▸ Your instructions:
Everything in the records should be repeated exactly.
Content starts
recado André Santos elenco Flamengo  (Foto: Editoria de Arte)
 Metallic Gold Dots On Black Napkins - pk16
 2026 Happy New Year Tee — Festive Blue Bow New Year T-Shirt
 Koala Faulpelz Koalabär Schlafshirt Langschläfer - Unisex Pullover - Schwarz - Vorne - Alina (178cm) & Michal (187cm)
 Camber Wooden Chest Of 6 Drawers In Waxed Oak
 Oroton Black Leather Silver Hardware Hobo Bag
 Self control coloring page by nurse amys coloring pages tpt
Content ends
▸ Solved problem:
recado André Santos elenco Flamengo  (Foto: Editoria de Arte)
 Metallic Gold Dots On Black Napkins - pk16
 2026 Happy New Year Tee — Festive Blue Bow New Year T-Shirt
 Koala Faulpelz Koalabär Schlafshirt Langschläfer - Unisex Pullover - Schwarz - Vorne - Alina (178cm) & Michal (187cm)
 Camber Wooden Chest Of 6 Drawers In Waxed Oak
 Oroton Black Leather Silver Hardware Hobo Bag
 Self control coloring page by nurse amys coloring pages tpt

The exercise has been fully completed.